Each line in the data must be reproduced as written, except for any picture.

■ **STORED DATA**:
┌──

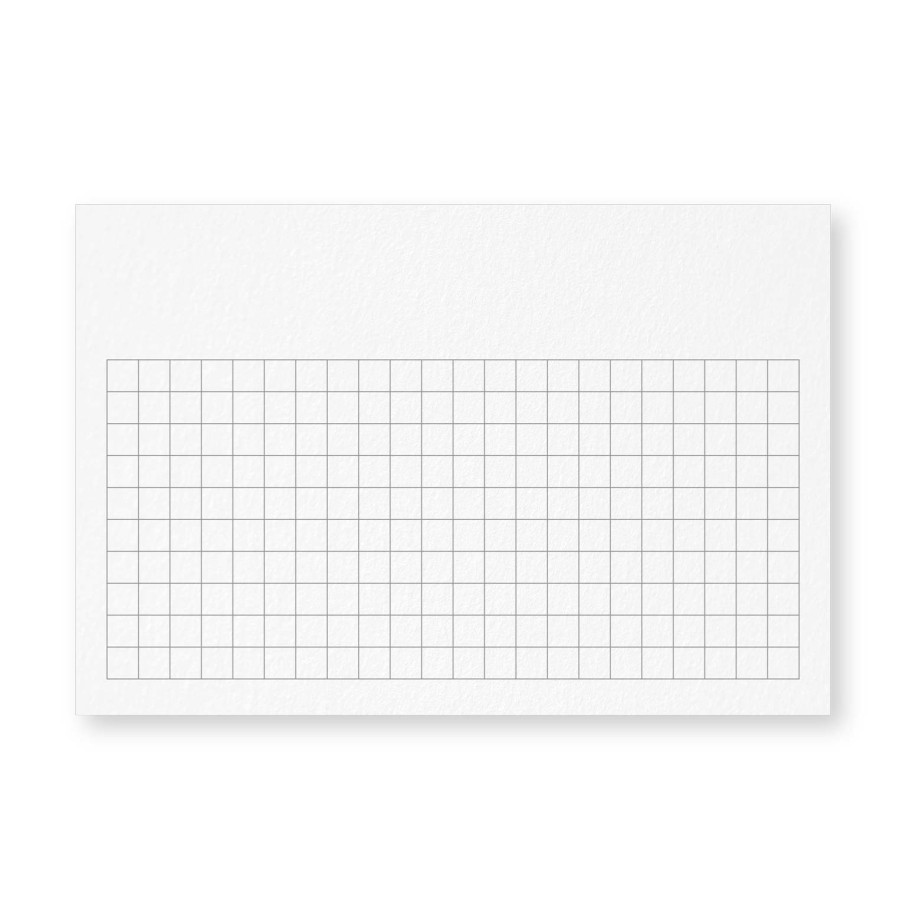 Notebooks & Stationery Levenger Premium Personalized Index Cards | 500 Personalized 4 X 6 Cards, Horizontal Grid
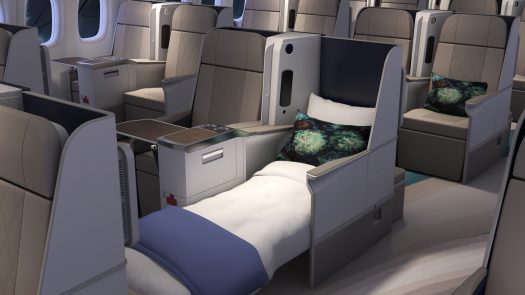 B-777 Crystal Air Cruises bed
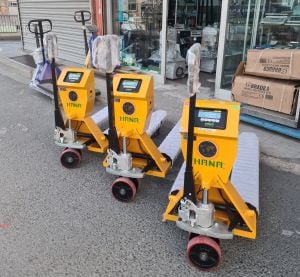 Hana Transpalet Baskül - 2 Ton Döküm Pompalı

└──

■ **REPLY**:
 Notebooks & Stationery Levenger Premium Personalized Index Cards | 500 Personalized 4 X 6 Cards, Horizontal Grid
 B-777 Crystal Air Cruises bed
 Hana Transpalet Baskül - 2 Ton Döküm Pompalı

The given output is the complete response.